TASK DETAILS: Restate the entries below in full, exactly as they read, but without pictures.

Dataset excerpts
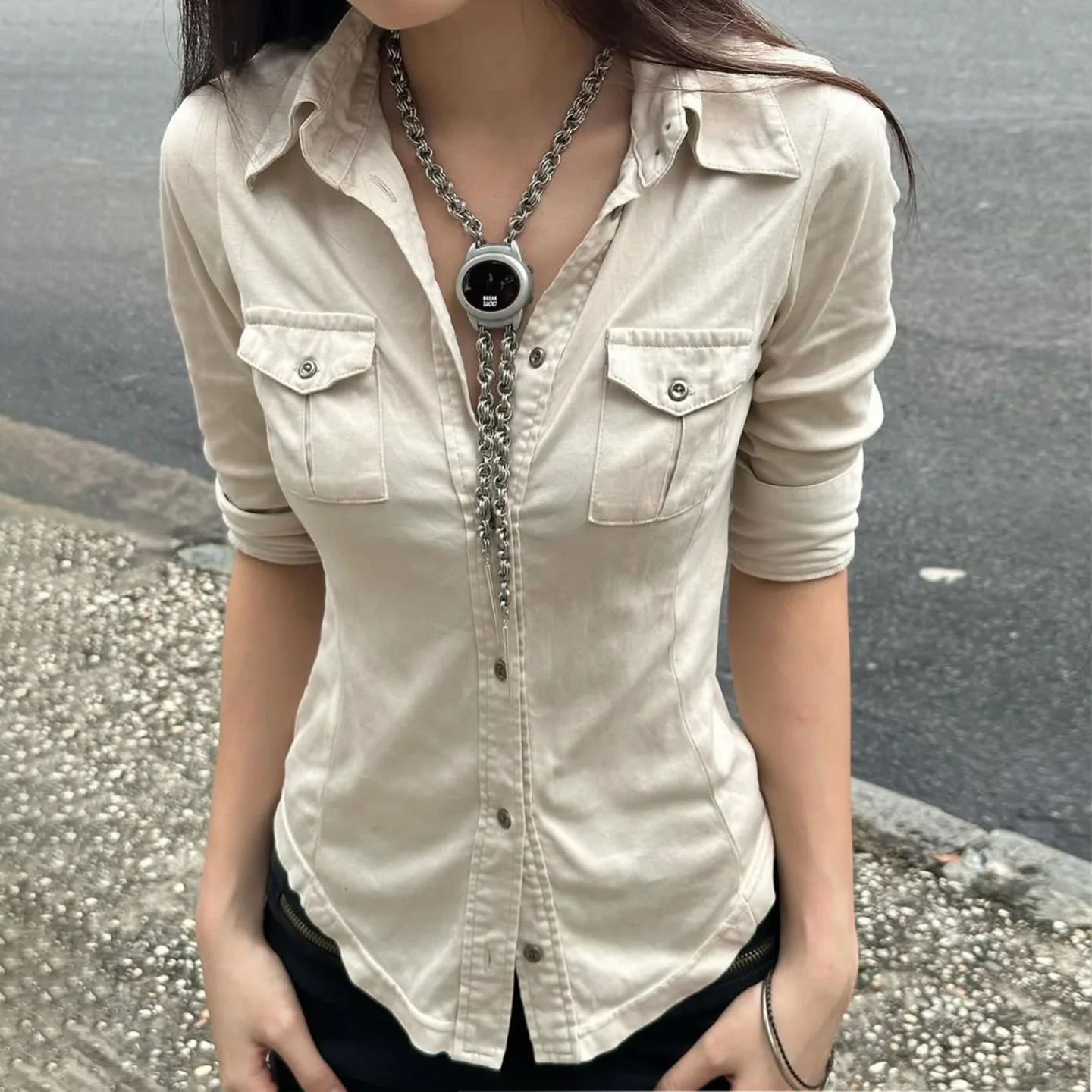 2025, Blusas Mujer De Moda Streetwear Frauen Blusen Casual Taschen Slim Fit Shirts Mode Koreanische Bluse Sommer Y2k Tops Weibliche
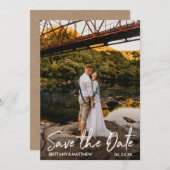 Modernes handgeschriebenes Script mit Foto Kraft Save The Date (Vorne/Hinten)
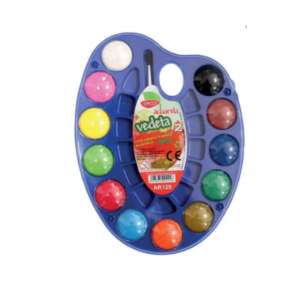 Paleta de acuarele cu 12 culori și pensula pentru pictură creativă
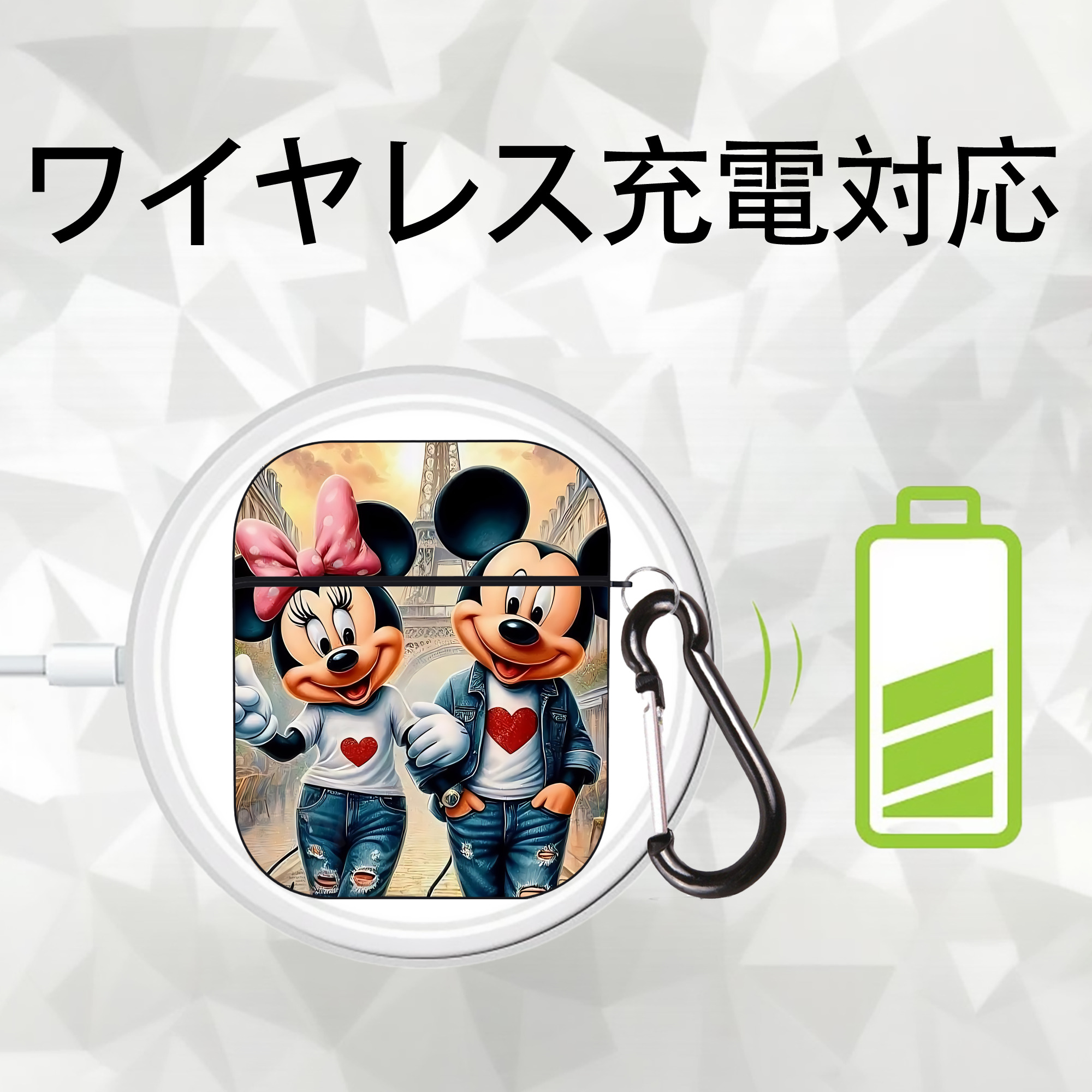 ミッキーマウス Mickey Mouse AirPods 第2世代保護ケース ハードシェル ブラック 耐衝撃・防指紋・カラビナ付き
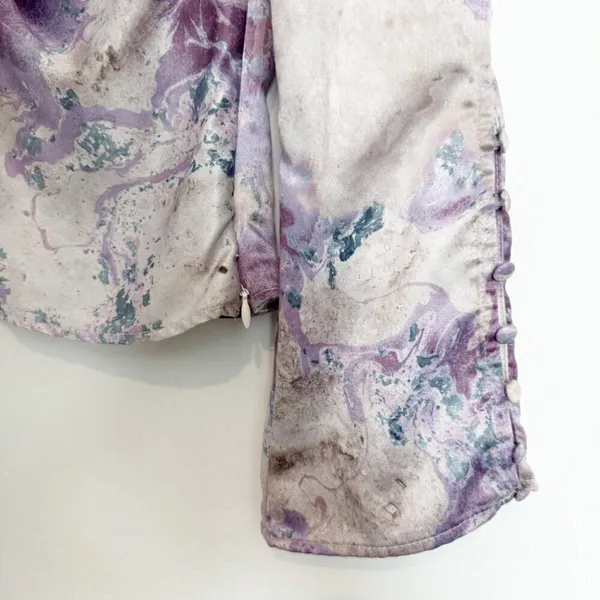 Zara Marble Print Blouse Small Flare Sleeve Twist V Neck Night Out Office Siren‎ - Image 4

EXERCISE SOLUTION:
 2025, Blusas Mujer De Moda Streetwear Frauen Blusen Casual Taschen Slim Fit Shirts Mode Koreanische Bluse Sommer Y2k Tops Weibliche
 Modernes handgeschriebenes Script mit Foto Kraft Save The Date (Vorne/Hinten)
 Paleta de acuarele cu 12 culori și pensula pentru pictură creativă
 ミッキーマウス Mickey Mouse AirPods 第2世代保護ケース ハードシェル ブラック 耐衝撃・防指紋・カラビナ付き
 Zara Marble Print Blouse Small Flare Sleeve Twist V Neck Night Out Office Siren‎ - Image 4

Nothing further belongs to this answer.